I am going to skip all of the preamble information regarding .odt ”packages” and jump right into the meat of the problem. The files we are most concerned with are ”content.xml” and ”styles.xml”. Open ”styles.xml” in your favorite XML editor (I prefer oXygen). Ignoring, the root element, ”<office:document-styles>”, we see the first major element of the document <office:font-face-decls>. This is the element we will attack first. I will use Relax-NG Schema notation for elements.

<office:font-face-decls>

<define name="office-font-face-decls">
  <optional>
    <element name="office:font-face-decls">
      <zeroOrMore>
        <ref name="style-font-face"/>
      </zeroOrMore>
    </element>
  </optional>
</define>

As you can see, it is pretty simple. I only contains style-font-face
refs. So let us take a look at that element.

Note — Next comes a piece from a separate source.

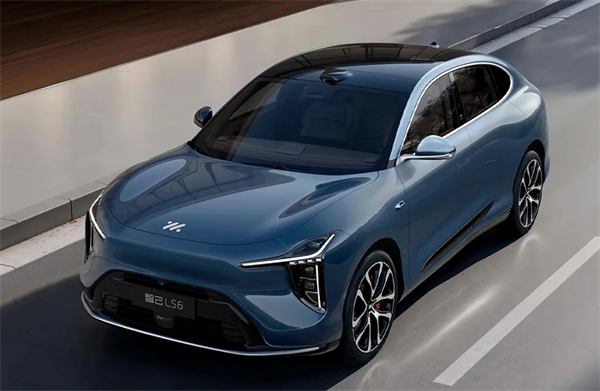 剛過去的一個月 上汽啟幕了一場聲勢浩大的產(chǎn)品和技術(shù)的密集發(fā)布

<define name="style-font-face">
  <element name="style:font-face">
    <ref name="style-font-face-attlist"/>
    <optional>
      <ref name="svg-font-face-src"/>
    </optional>
    <optional>
      <ref name="svg-definition-src"/>
    </optional>
  </element>
</define>

For brevity (and simplicity), I’m going to choose to ignore the optional ”svg-font-face-src” and ”svg-definition-src” refs. As a side note, I have not encountered these in real world situations. We are left with an <office:font-face-decls> element that contains zero or more <style:font-face”> elements. We can infer that the ref ”style-font-face-attlist” is an attribute list and does not contain any elements. I have verified that that is indeed the case, but the complete definition is too lengthy to list here. Here is the complete schema.

Basic strategy

We will iterate through the fonts comparing certain attributes. When we find two fonts that are similar enough, we can replace one with the other and remove the duplicate. This will be accomplished in two steps.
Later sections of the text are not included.